### YOUR ASSIGNMENT:
Exact copy, pictures excluded: write out every line below.

### ENTRIES PROVIDED:
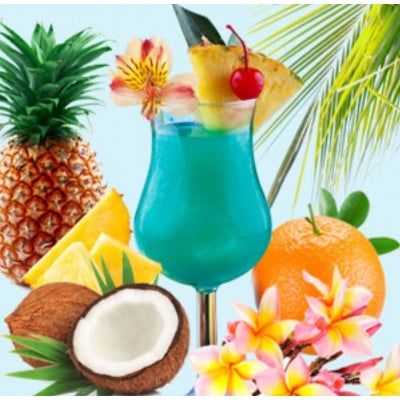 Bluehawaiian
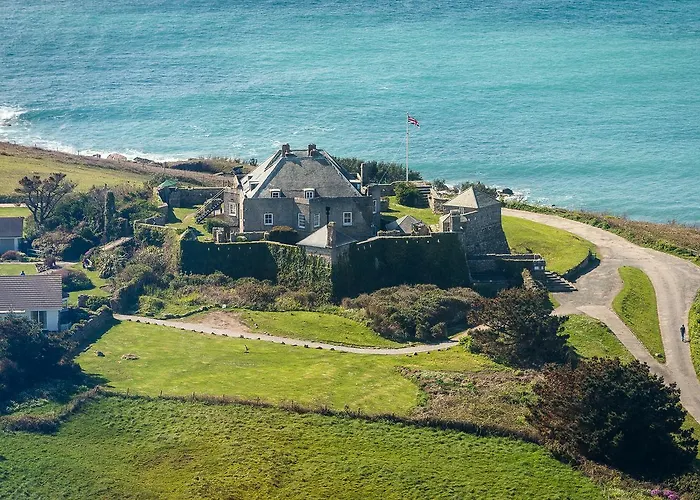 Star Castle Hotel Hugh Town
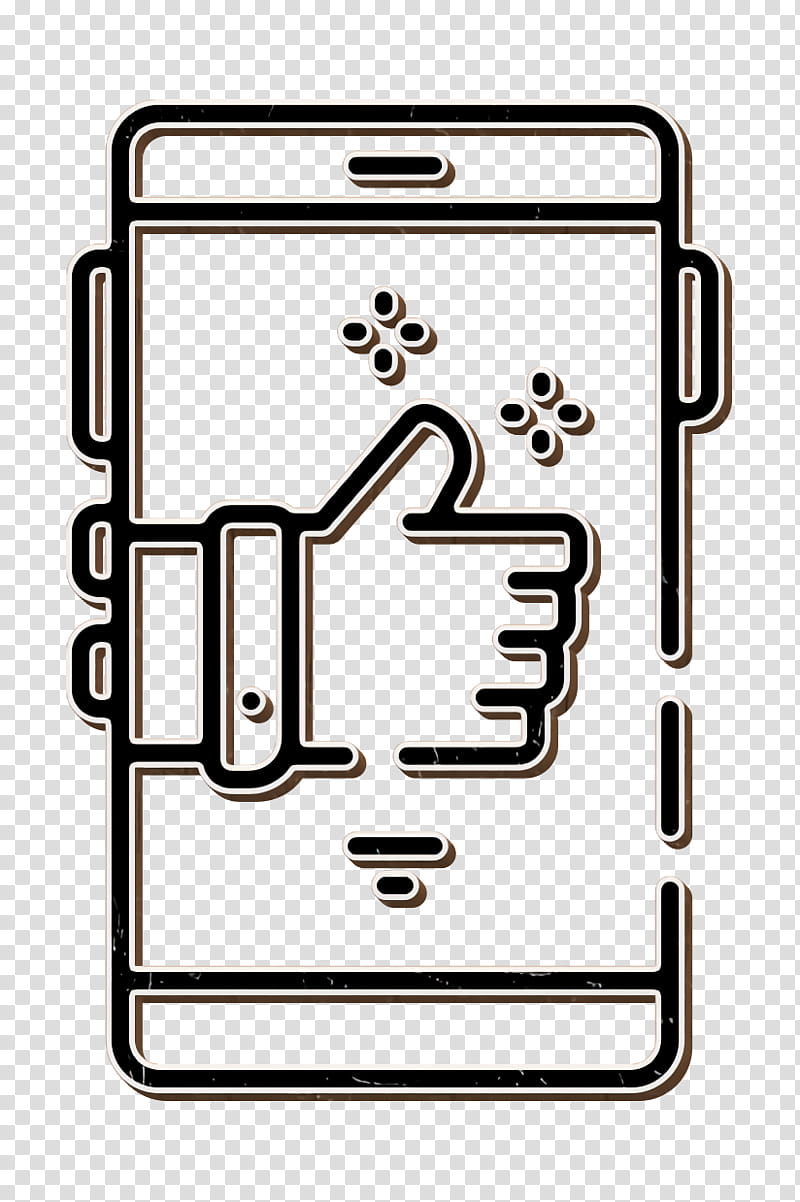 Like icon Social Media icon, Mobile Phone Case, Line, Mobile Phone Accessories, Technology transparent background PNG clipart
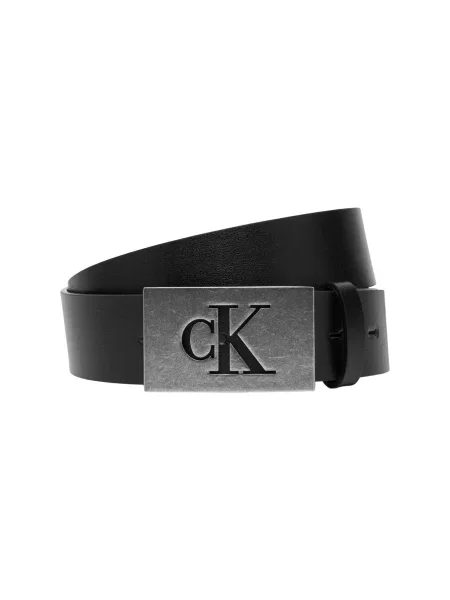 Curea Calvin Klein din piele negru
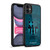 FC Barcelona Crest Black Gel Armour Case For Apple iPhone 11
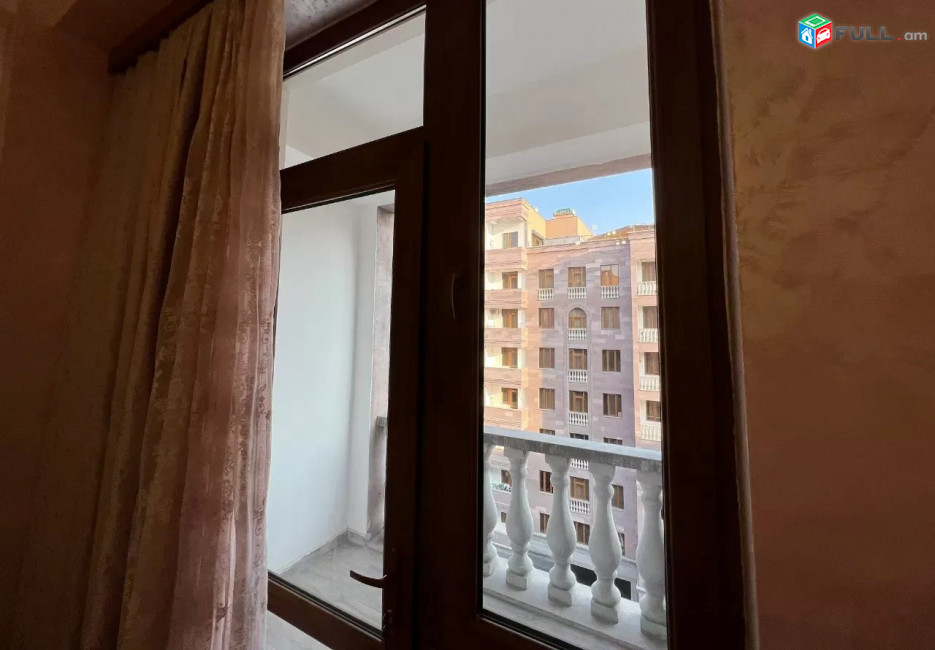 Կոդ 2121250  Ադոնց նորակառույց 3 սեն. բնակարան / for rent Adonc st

### YOUR RESPONSE:
 Bluehawaiian
 Star Castle Hotel Hugh Town
 Like icon Social Media icon, Mobile Phone Case, Line, Mobile Phone Accessories, Technology transparent background PNG clipart
 Curea Calvin Klein din piele negru
 FC Barcelona Crest Black Gel Armour Case For Apple iPhone 11
 Կոդ 2121250  Ադոնց նորակառույց 3 սեն. բնակարան / for rent Adonc st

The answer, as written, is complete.